Thirdly, plaintiff asserts that the condemnation of Langley’s land in these circumstances would also allegedly constitute an abuse of the defendants’ power of eminent domain, resulting in a deprivation of plaintiff’s substantive due process rights under the Fourteenth Amendment. Lastly, plaintiff claims that the threatened condemnation involves an amount of property in excess of Monroe County’s needs. This allegedly unlawful,
ultra vires,
arbitrary and capricious exercise of defendants’ state law eminent domain powers would violate plaintiff’s Fifth and Fourteenth Amendment rights. Summarily stated, Langley maintains the following four claims: (1) targeting substantive due process claim; (2) public use claim; (3) condemnation substantive due process claim; and (4) excessive condemnation claim.
II. DISCUSSION
A. RIPENESS AND SUBJECT MATTER JURISDICTION
As a threshold matter, the court will address the issue of ripeness. Ripeness goes to whether or not this court has sub
ject matter jurisdiction over the case. A careful examination of the problem of ripeness leads the court to conclude that three of plaintiffs claims are not ripe for disposition.

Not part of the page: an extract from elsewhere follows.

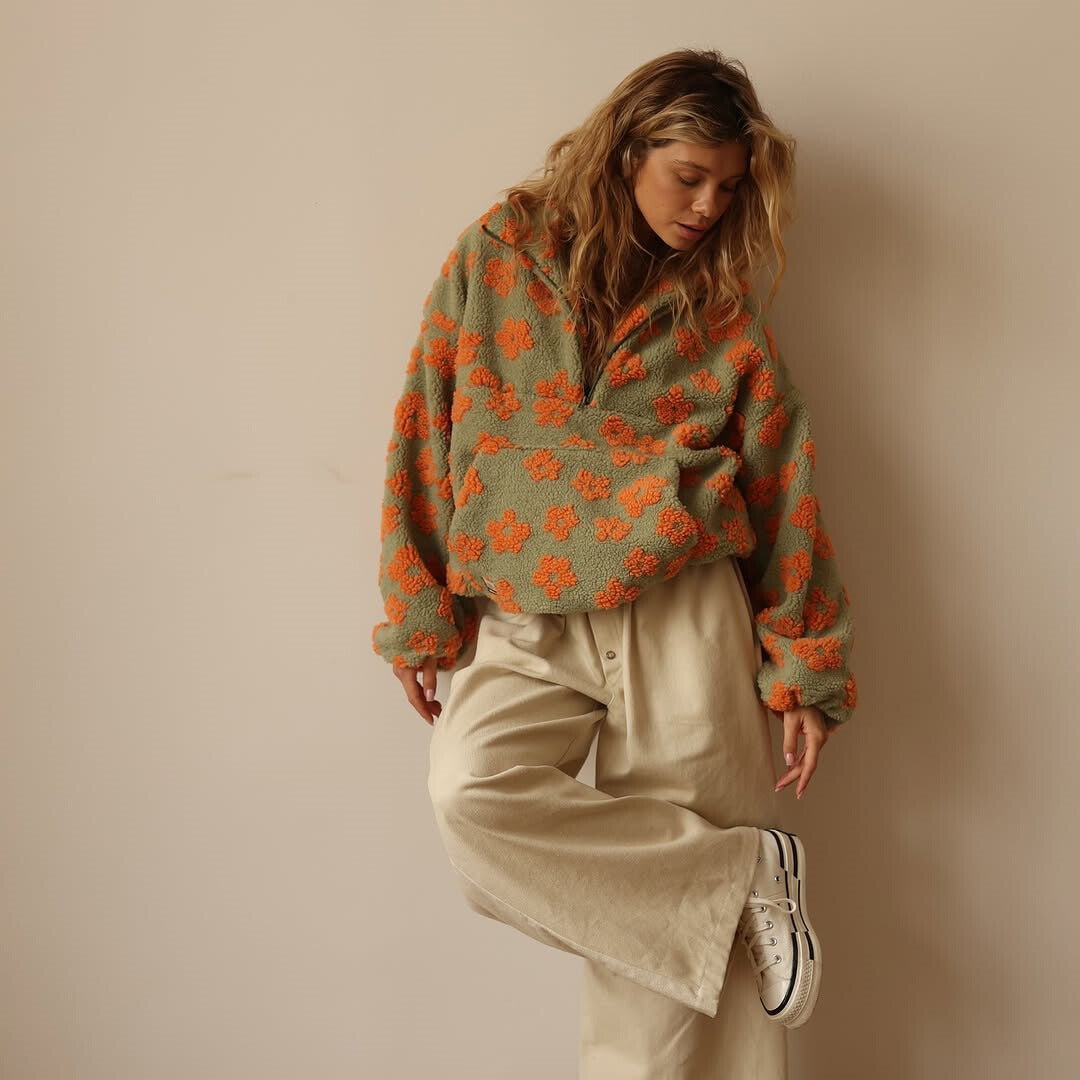 Oversized women's floral fleece pullover sherpa top. Cozy, casual, and warm for autumn.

See Williamson County Regional Planning Comms. v. Hamilton Bank of Johnson City,
473 U.S. 172, 105 S.Ct. 3108, 87 L.Ed.2d 126 (1985);
Hemperly v. Crumpton,
708 F.Supp. 1247 (M.D.Ala. 1988).
At present, no taking of plaintiff’s property has occurred.
Plaintiff brought this suit to enjoin Monroe County from condemning its land. Defendants admit that they have selected plaintiffs property for condemnation, but plaintiff does not, and cannot, claim that defendants have actually taken its property.

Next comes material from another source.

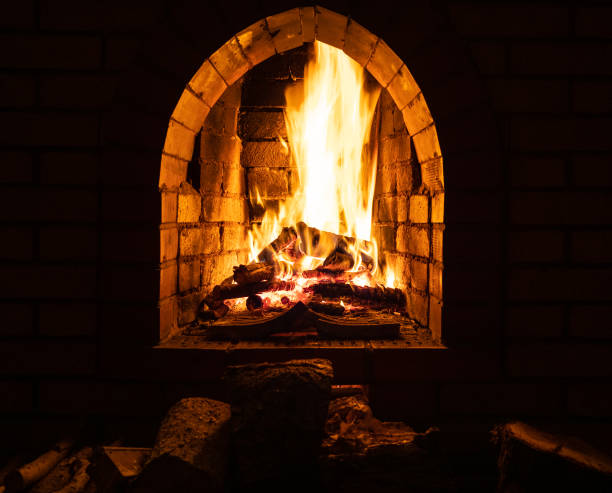 istock fireplace with burning firewood at night 1086649582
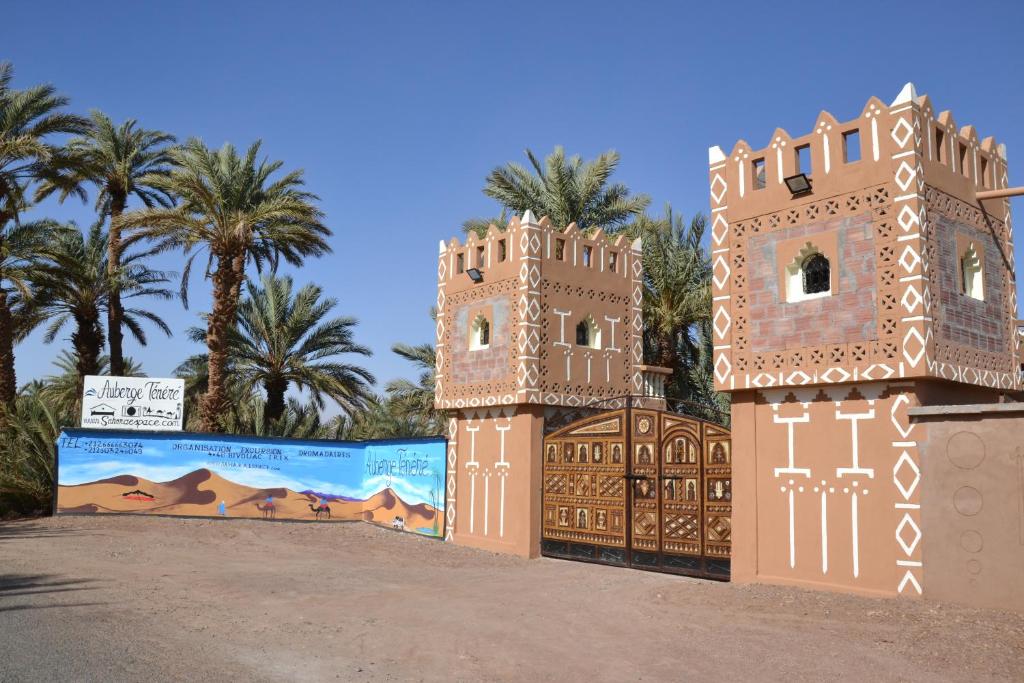a model of a building with palm trees in the background at Mhamid Auberge Saharaespace in Mhamid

See Agins v. City of Tiburon,
447 U.S. 255, 263 n. 9, 100 S.Ct. 2138, 2143 n. 9, 65 L.Ed.2d 106 (1980) (pre-condemnation activities cannot be considered a “taking” in the constitutional sense);
Danforth v. United States,
308 U.S. 271, 285, 60 S.Ct. 231, 236, 84 L.Ed. 240 (1939) (the mere enactment of legislation which authorizes condemnation cannot be considered a “taking”; for an action to constitute a taking, “it must result in appropriation of the property to the uses of the Government”). Defendants’ decision selecting Langley’s land for condemnation has not yet resulted in the appropriation of Langley’s property to the use of Monroe County.

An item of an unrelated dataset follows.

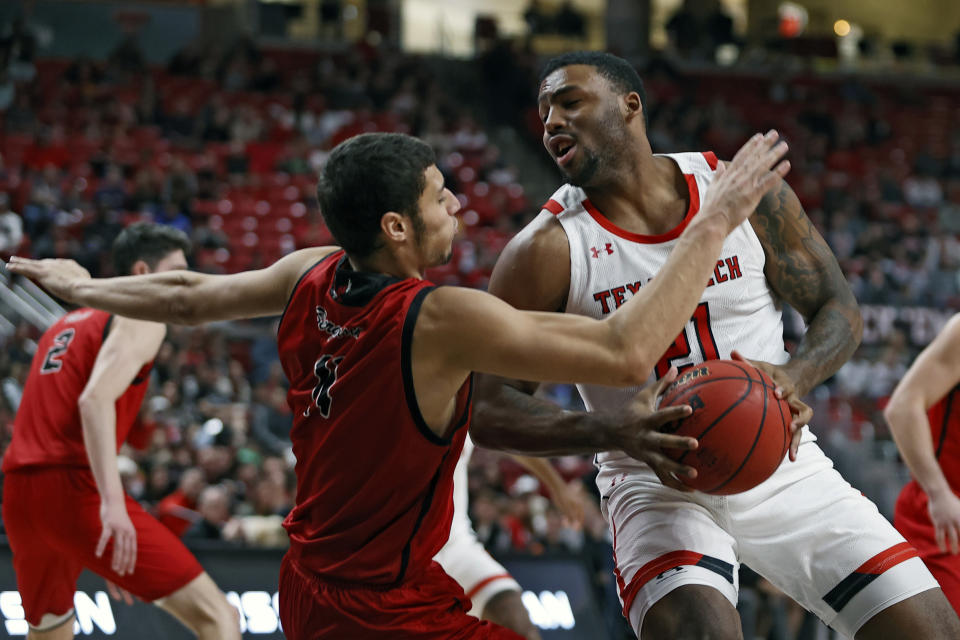 Texas Tech's KJ Allen (21) charges Eastern Washington's Rylan Bergersen (11) during the second half of an NCAA college basketball game on Wednesday, Dec. 22, 2021, in Lubbock, Texas. (AP Photo/Brad Tollefson)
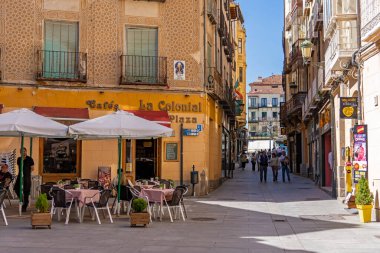 Downtown Segovia is bustling with life and activity. The pedestrian street features outdoor restaurants and caf tables set beneath a bright blue sky, surrounded by historic, patterned facades.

According to Georgia law, under the facts of the case at bar, a condemning body may not obtain title to property merely by filing a condemnation proceeding. Georgia law requires further proceedings. The defendants have indicated that Monroe County, as the condemning body (the condemn- or), wishes to use the condemnation proceeding before a special master,
as provided in Article 2, Chapter 2 of Title 22, Eminent Domain, in the Official Code of Georgia Annotated, in particular, O.C.G.A. §§ 22-2-100
et seq.
(1982). A condemnation procedure before a special master “is intended to provide a simpler and more effective method of condemnation in those cases where a judicial supervision of the proceedings is desirable ... in cases where there are parties ... who are nonresidents, or in cases where there are conflicting interests or doubtful questions.” O.C.G.A. § 22-2-101.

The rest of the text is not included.